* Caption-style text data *
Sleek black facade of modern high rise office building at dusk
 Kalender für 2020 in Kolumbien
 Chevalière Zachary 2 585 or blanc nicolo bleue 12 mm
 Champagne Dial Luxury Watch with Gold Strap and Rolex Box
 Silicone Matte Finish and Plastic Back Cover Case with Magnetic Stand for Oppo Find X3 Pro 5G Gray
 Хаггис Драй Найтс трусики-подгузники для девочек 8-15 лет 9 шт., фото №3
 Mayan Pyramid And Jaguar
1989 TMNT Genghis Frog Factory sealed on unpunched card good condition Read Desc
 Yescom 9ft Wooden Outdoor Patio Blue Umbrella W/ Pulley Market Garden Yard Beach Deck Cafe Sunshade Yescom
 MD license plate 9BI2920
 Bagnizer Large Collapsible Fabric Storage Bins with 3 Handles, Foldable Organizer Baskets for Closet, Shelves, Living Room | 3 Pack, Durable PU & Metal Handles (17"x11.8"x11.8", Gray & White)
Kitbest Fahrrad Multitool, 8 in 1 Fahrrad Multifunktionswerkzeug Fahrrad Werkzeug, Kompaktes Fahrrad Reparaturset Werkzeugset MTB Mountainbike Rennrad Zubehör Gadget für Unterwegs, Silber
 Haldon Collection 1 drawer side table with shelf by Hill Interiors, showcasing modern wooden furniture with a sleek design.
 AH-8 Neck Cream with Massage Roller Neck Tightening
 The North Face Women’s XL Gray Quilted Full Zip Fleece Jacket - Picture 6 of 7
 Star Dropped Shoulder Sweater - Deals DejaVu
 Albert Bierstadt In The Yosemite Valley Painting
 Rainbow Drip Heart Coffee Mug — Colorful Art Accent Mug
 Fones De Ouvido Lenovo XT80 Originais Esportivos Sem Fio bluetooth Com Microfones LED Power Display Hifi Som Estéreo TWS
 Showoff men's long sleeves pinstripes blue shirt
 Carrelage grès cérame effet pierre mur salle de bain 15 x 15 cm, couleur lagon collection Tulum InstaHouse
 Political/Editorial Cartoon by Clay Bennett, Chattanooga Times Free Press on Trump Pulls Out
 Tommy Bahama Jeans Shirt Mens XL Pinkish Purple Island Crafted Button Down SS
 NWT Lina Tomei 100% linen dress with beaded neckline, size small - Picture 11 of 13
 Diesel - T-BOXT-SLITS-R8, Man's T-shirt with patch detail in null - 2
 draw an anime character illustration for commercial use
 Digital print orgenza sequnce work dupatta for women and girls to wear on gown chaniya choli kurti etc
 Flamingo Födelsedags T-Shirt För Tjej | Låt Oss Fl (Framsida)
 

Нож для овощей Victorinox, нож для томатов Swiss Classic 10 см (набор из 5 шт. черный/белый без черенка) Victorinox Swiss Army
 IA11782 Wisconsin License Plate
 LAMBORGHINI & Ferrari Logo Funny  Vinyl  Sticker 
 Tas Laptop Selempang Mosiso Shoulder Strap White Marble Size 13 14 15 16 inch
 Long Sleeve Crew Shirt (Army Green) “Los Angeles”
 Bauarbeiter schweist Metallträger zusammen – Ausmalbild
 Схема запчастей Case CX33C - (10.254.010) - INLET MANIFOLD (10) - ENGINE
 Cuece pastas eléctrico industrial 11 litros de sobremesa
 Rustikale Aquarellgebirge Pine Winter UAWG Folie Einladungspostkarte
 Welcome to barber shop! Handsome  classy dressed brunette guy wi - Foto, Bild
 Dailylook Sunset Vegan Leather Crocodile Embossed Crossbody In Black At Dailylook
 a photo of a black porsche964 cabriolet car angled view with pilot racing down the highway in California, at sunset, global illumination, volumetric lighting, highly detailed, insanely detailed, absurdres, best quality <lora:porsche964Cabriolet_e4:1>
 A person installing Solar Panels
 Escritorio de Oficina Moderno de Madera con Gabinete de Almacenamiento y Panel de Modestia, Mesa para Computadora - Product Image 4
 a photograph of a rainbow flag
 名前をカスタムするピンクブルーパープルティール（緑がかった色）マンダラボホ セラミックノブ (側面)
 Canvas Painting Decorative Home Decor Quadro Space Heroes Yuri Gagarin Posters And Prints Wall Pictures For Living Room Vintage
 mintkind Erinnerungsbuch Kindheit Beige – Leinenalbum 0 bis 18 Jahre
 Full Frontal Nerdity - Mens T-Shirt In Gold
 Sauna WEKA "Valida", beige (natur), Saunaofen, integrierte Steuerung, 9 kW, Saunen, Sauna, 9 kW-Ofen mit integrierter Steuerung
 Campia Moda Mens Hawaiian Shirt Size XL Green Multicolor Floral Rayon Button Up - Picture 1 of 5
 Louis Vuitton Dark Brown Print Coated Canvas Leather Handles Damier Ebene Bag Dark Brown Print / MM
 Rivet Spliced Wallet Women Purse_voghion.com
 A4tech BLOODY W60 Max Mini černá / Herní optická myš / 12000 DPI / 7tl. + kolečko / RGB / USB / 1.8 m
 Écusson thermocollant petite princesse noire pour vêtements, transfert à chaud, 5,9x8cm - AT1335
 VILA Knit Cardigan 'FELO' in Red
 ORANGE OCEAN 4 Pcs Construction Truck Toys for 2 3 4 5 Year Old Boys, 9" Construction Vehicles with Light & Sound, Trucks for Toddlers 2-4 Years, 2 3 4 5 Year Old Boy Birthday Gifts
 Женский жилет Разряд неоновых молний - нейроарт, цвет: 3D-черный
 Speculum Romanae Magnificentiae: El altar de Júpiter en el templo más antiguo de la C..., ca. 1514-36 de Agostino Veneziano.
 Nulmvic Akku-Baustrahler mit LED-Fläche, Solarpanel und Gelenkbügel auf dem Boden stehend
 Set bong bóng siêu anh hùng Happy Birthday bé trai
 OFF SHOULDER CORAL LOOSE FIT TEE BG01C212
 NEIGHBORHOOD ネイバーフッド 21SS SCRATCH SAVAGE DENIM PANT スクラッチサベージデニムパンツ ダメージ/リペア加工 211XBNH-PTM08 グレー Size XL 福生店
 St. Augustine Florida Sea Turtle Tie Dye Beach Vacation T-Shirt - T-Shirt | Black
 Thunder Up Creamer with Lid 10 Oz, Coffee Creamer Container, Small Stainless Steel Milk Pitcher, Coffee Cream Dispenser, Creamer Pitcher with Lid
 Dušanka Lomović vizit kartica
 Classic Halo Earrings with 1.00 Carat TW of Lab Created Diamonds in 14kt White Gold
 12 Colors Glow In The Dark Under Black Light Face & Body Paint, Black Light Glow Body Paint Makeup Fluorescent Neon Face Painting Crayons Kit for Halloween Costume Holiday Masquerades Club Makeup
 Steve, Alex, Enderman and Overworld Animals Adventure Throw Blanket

* Work order *
Given the records above, return exactly the lines starting at the line containing "Welcome to barber" and ending at the line containing "名前をカスタムするピンクブルーパープルティール（緑がかった色）マンダラボホ セラミックノブ (側面)", including both.

* Task answer *
 Welcome to barber shop! Handsome  classy dressed brunette guy wi - Foto, Bild
 Dailylook Sunset Vegan Leather Crocodile Embossed Crossbody In Black At Dailylook
 a photo of a black porsche964 cabriolet car angled view with pilot racing down the highway in California, at sunset, global illumination, volumetric lighting, highly detailed, insanely detailed, absurdres, best quality <lora:porsche964Cabriolet_e4:1>
 A person installing Solar Panels
 Escritorio de Oficina Moderno de Madera con Gabinete de Almacenamiento y Panel de Modestia, Mesa para Computadora - Product Image 4
 a photograph of a rainbow flag
 名前をカスタムするピンクブルーパープルティール（緑がかった色）マンダラボホ セラミックノブ (側面)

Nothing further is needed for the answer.